# Work task:
For this exercise, repeat exactly the lines below starting at the line holding "15063 Shabbona Road" and ending at the line holding "Artificial turf backyard", both included, with no extra lines and no pictures.
(Data supplied)
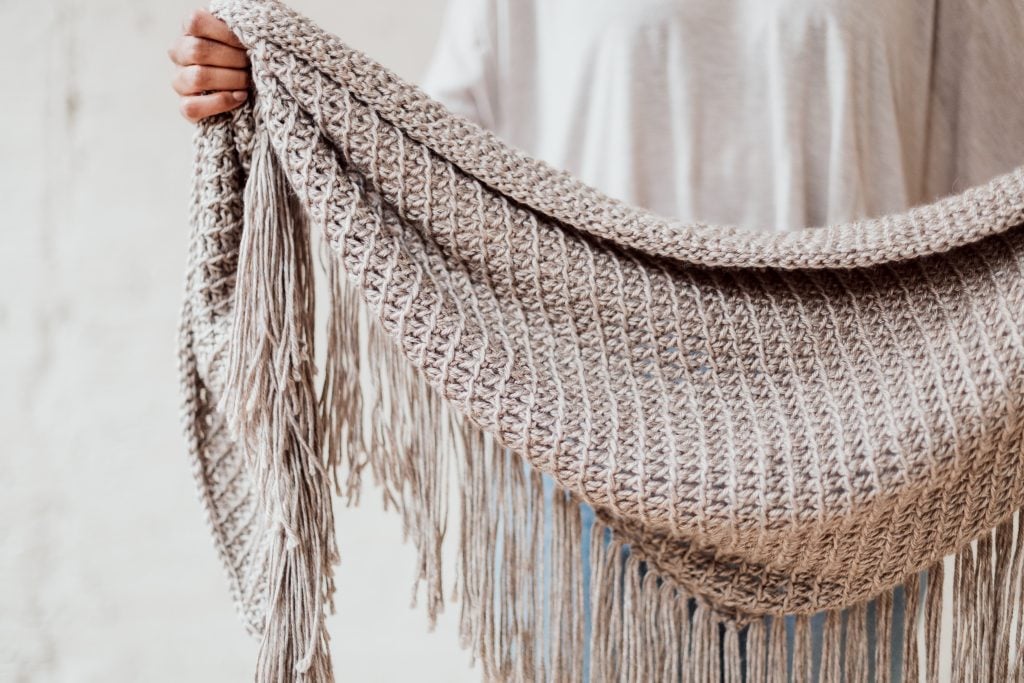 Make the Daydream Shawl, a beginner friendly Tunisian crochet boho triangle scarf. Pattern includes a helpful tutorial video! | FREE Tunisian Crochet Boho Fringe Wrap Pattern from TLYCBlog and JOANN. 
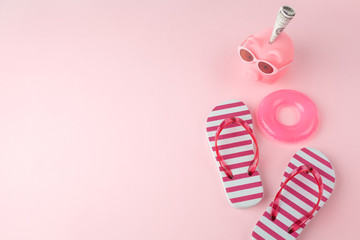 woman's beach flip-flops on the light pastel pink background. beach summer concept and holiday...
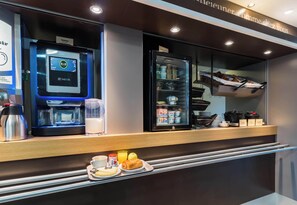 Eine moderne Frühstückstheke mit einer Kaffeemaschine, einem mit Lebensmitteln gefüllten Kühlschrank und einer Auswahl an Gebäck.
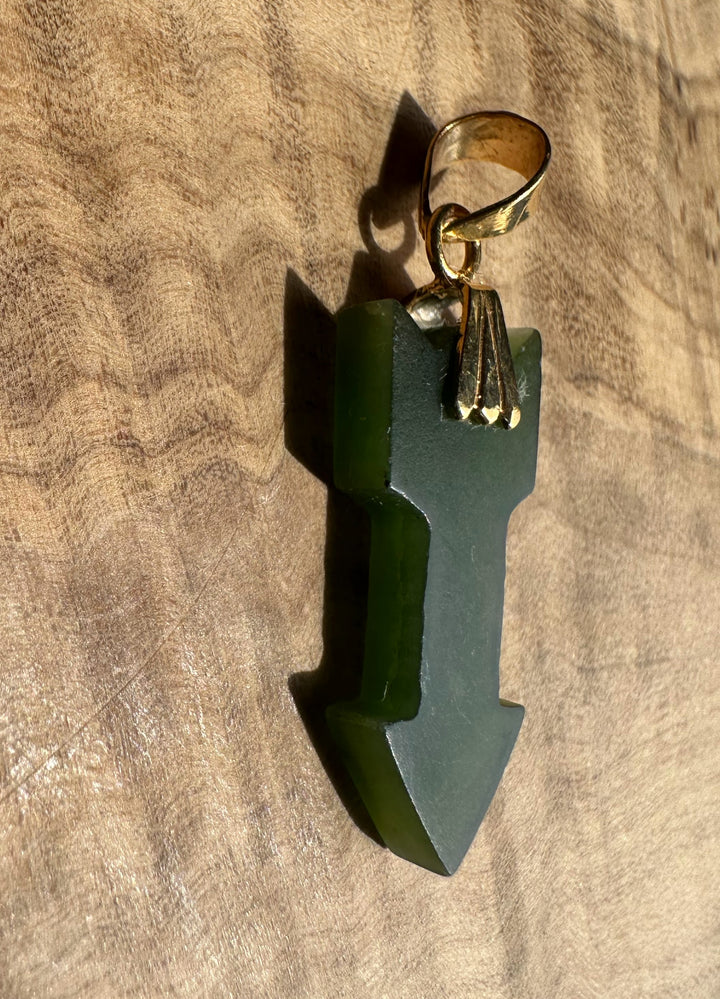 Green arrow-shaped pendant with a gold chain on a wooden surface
(End Data supplied)
(Data supplied)
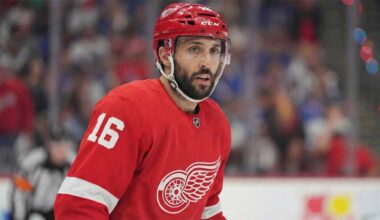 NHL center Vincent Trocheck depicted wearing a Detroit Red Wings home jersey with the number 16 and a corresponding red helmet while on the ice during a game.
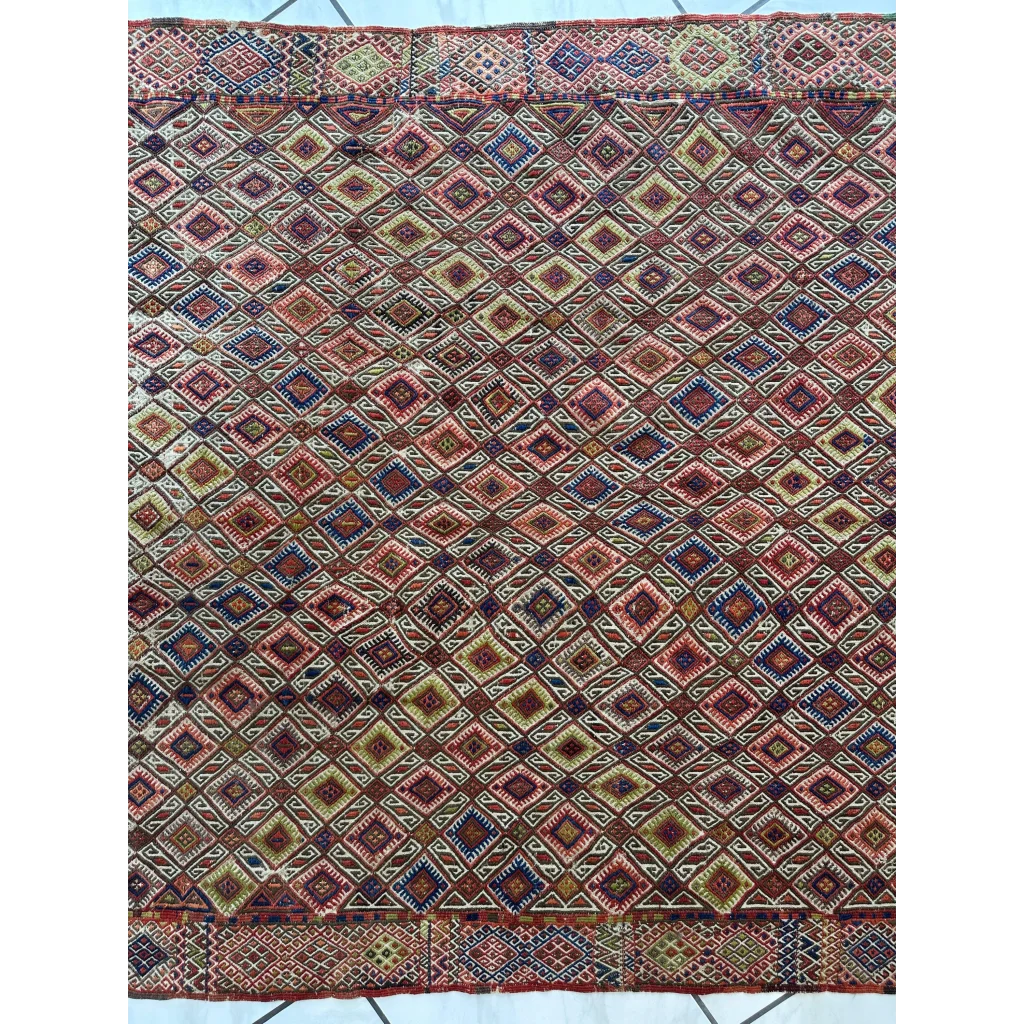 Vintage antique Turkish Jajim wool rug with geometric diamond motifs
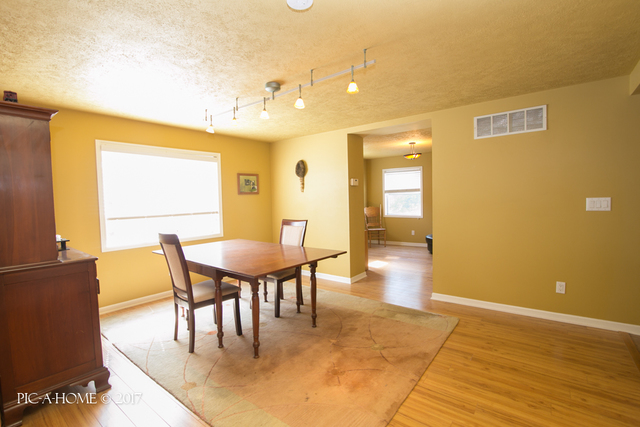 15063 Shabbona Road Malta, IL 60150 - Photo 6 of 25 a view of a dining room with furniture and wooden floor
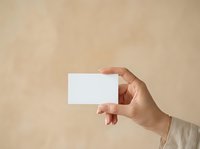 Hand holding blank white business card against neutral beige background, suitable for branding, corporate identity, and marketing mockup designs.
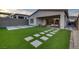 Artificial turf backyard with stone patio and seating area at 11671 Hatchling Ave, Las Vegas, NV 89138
(End Data supplied)
# Problem solution:
 15063 Shabbona Road Malta, IL 60150 - Photo 6 of 25 a view of a dining room with furniture and wooden floor
 Hand holding blank white business card against neutral beige background, suitable for branding, corporate identity, and marketing mockup designs.
 Artificial turf backyard with stone patio and seating area at 11671 Hatchling Ave, Las Vegas, NV 89138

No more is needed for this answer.